Starting at the line that contains "Analytical method of doctor formula behavior" and stopping at the line that contains "Heretics of Dune (Dune #05) - naslovnica", transcribe every line of the material below exactly; pictures stay out.

Start of INPUT

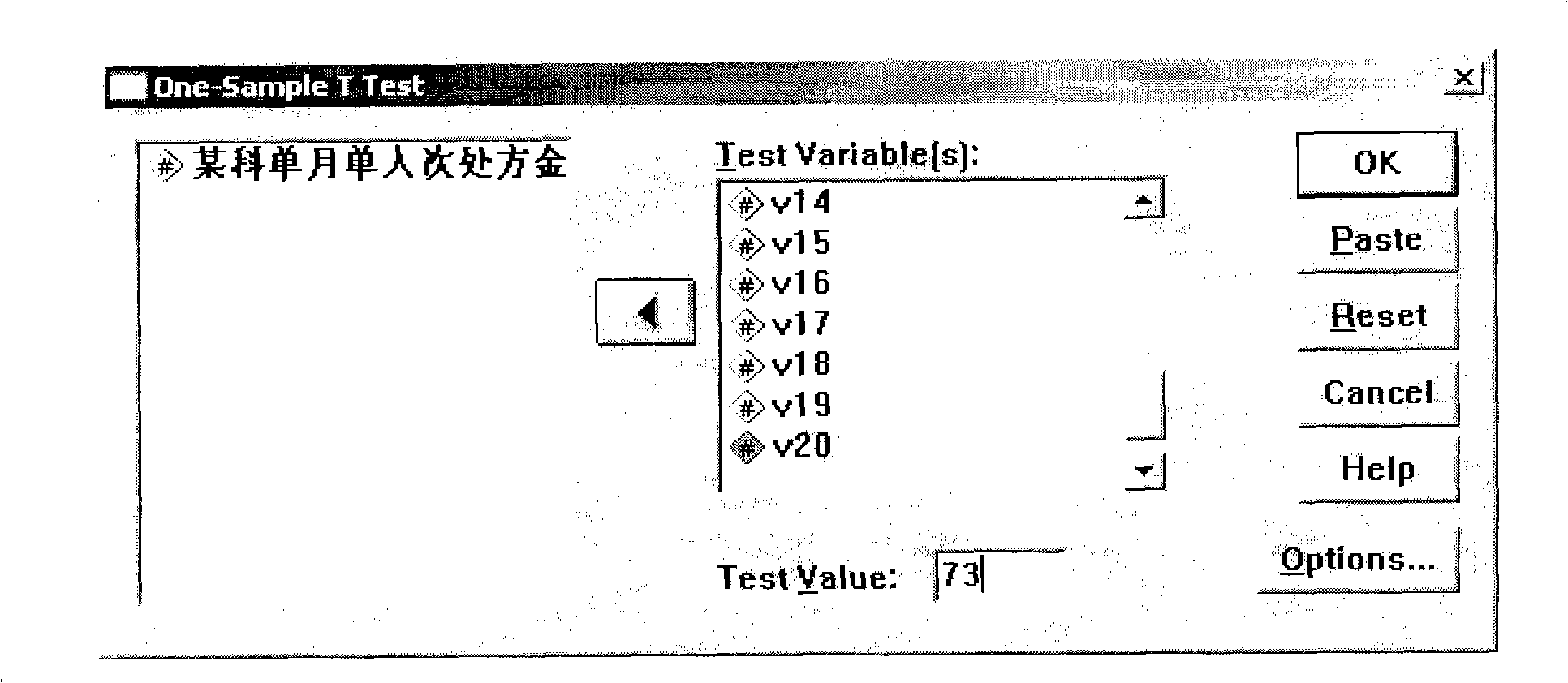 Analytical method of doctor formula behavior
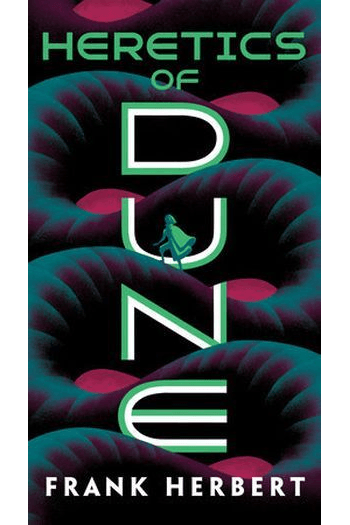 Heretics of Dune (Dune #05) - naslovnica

End of INPUT
Start of INPUT

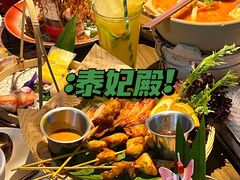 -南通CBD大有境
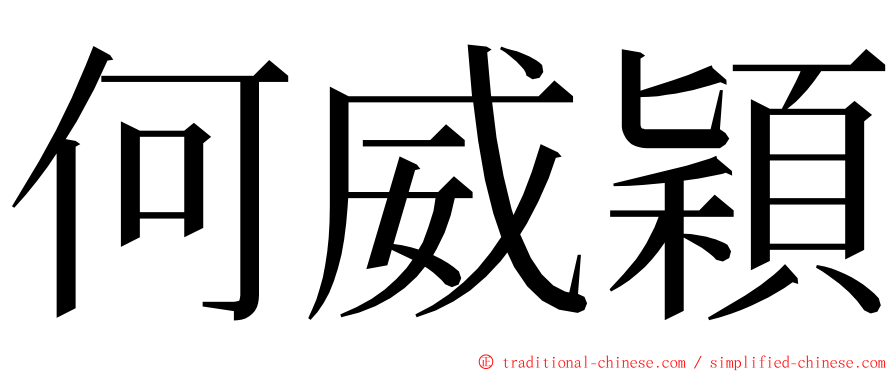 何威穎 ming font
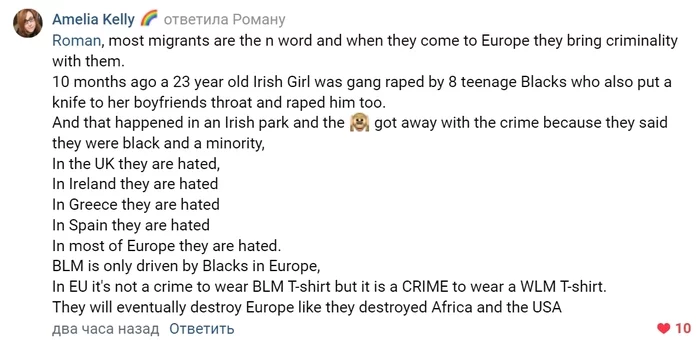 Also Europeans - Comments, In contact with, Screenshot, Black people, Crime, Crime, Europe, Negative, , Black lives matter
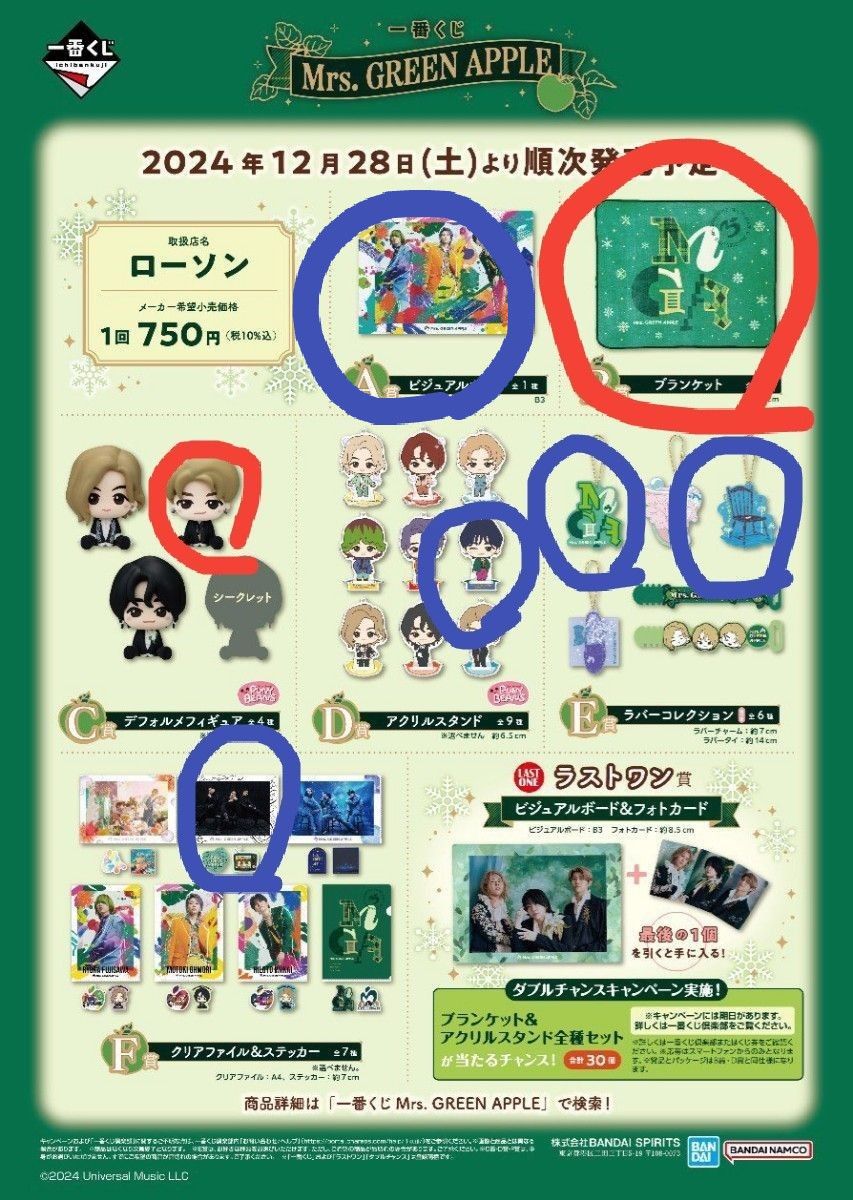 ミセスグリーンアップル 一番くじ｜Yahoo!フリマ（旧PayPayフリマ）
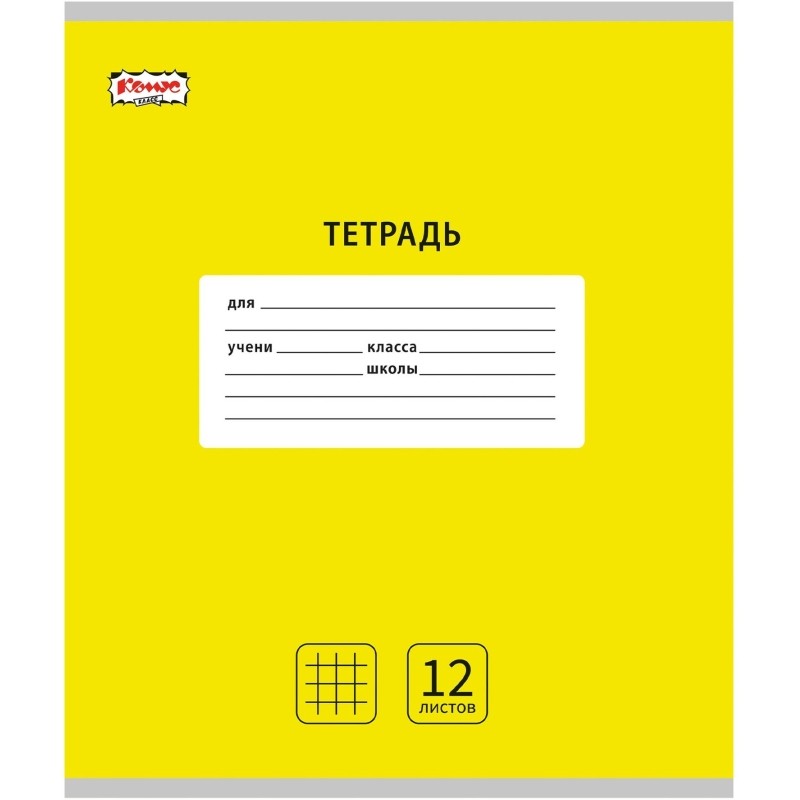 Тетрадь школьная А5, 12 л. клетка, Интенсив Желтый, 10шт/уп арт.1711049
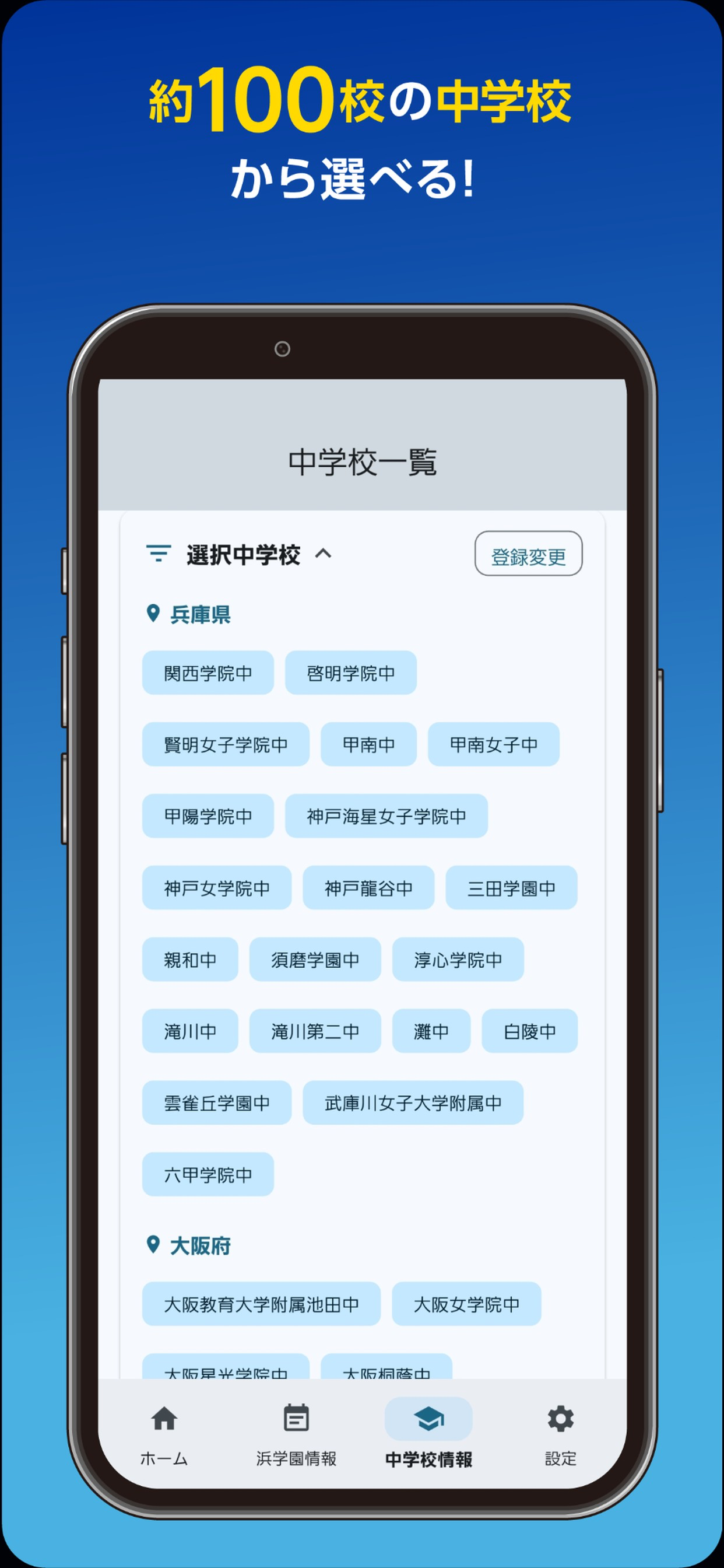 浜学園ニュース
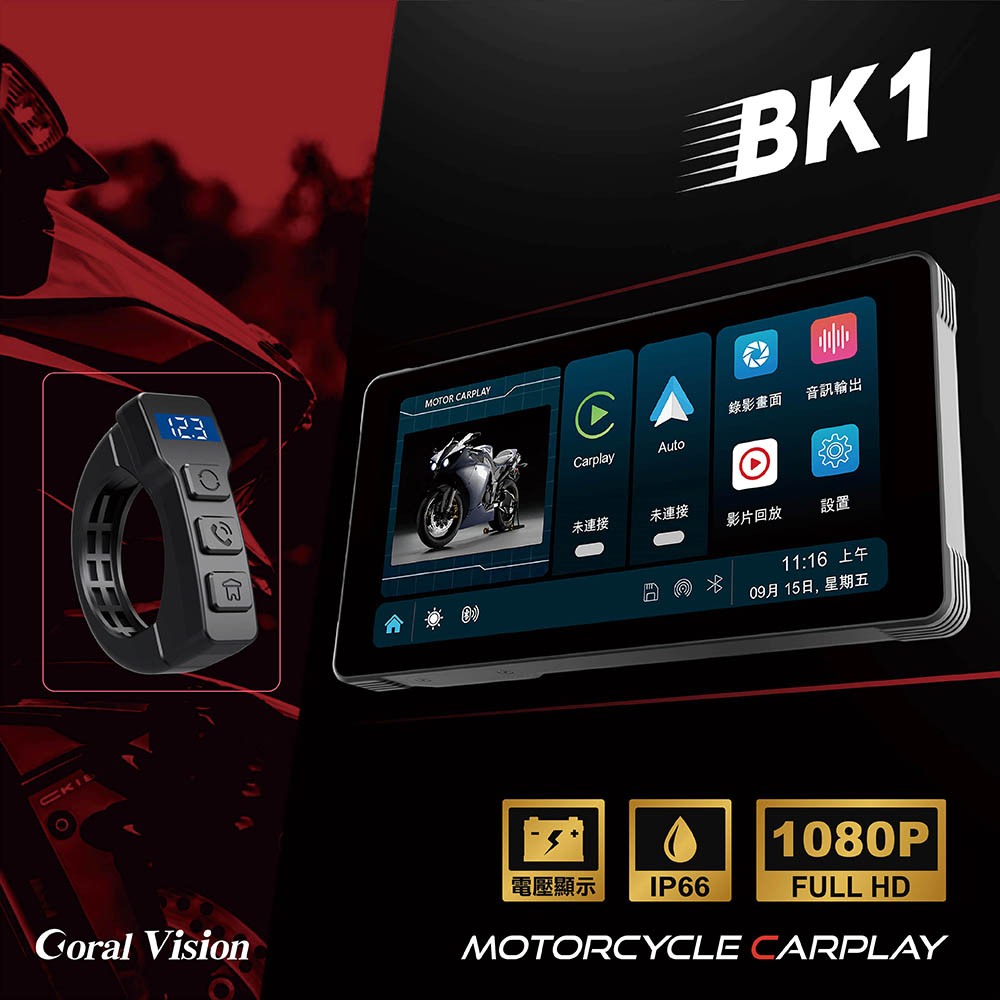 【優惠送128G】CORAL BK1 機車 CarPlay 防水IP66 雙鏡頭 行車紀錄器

End of INPUT
Start of INPUT

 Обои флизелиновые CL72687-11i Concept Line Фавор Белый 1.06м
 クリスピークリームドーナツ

End of INPUT

§ WRITTEN RESPONSE:
 Analytical method of doctor formula behavior
 Heretics of Dune (Dune #05) - naslovnica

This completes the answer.